Xの名前の@マークに続く、絶え間なく記し続けては変化してきた何か。
エロゲー好きな歯科衛生士、メイド喫茶で働いてます、婚活惨敗中、ブログで有益な情報を発信中、ゆるく投資して生きています、DINKSだけど幸せに生きていける…etc.
思い出せるのはこれくらい。
あぁ、痛い、痛い、痛すぎる…。この黒歴史を消したい!!
今まで本職以外の何かが欲しかった。プロフィールを読まなくても一瞬で私という人間がわかるような肩書き、自分の人生を彩ってくれるカテゴリが欲しかった。
そう、承認欲求の塊だったのだ。
*
初任給から毎月8千円をシャネル貯金に充てていた。あのバッグを持てたらコンプレックスが解消されて、自分に自信が持てて無敵な私になれる気がしたから。
そして、25歳の時に田舎の寂れた天満屋で晴れてシャネルのチェーンバックを手に入れた。シャネルの鞄が入った大きな紙袋を持ちながら、ガラガラの老朽化が進んだ天満屋を高揚感いっぱいになりながらスキップして歩いた。

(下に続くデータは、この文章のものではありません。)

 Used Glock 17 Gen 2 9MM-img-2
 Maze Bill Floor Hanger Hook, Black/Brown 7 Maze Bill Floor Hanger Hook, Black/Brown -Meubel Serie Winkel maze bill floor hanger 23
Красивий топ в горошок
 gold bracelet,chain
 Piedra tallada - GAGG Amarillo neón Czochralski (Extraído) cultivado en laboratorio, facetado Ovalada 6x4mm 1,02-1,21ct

だけど、庶民の私はGUの鞄で事が足りていて、シャネルの鞄は出番がなく棚に飾っては毎日眺めるだけだった。(今思えばもっと使えばよかった)
「もし、今何かが起きたら、この鞄をどうやって持って行こう?」そんなバカなことを考えていた。
私が当時50万だった鞄を日常的に使うのは分不相応だったのだ。
この鞄を手に入れたら魔法のように、自分に自信が持てると思っていたし、代わり映えのない日常がきっと素敵な毎日になると信じていたのに、実際は自分に自信を持つ所か、占いにハマるくらいに他力本願に生きていていた。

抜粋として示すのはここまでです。